Dorn, his girlfriend Ruth, Mancini, Cooper. The four of them talk in the River Café. It’s one in the morning. Mancini wants to be in on the actual game against The Brethren. ‘I can’t trust you,’ Dorn says. ‘You’re a good actor, and then sometimes you’re translucent. We need The Dauphin to be the innocent, and he’s gone. So it will have to be me.’ Dorn has taken charge.
Do I drive, then? says Mancini.
No. Ruth drives. It’s best if you sit down with Coop for a few days and work on the hands, timing, the moves. All that.
So, The Speech Therapist drives. And I’m translucent. Thus, I am not on the floor at all… .
You can’t be, they’ll smell a crew. In fact, be somewhere else that night, another casino. How much have you discovered about Autry? Does he have a mechanic?
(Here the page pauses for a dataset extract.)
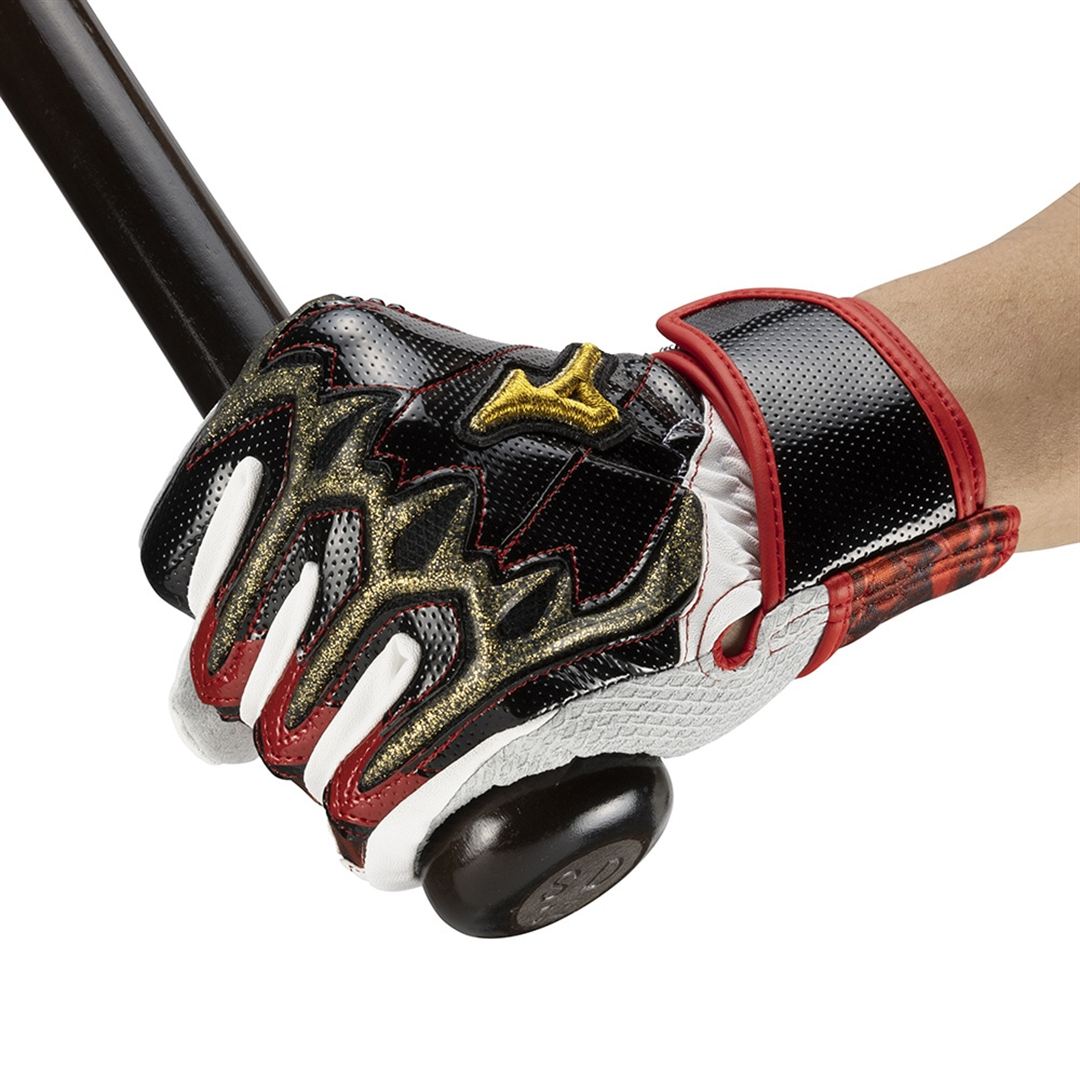 【ミズノ直営限定／ミズノプロ】シリコンパワーアークLI【両手用】 ブラック×レッド×シルバー 24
Sidekicks always play with him, so it’s difficult to identify who is responsible. The cardsharp drifts from person to person, I think, every few hands.
Cooper interrupts. Then I suggest we just blow them all out of the water.
Then you’ll never have an afterlife in this town. If they are corrupt, they will recognize corruption. The reason you went to The Gentile was to make what you are doing invisible.
I don’t care.
I care, Ruth says. This is our world. We work here.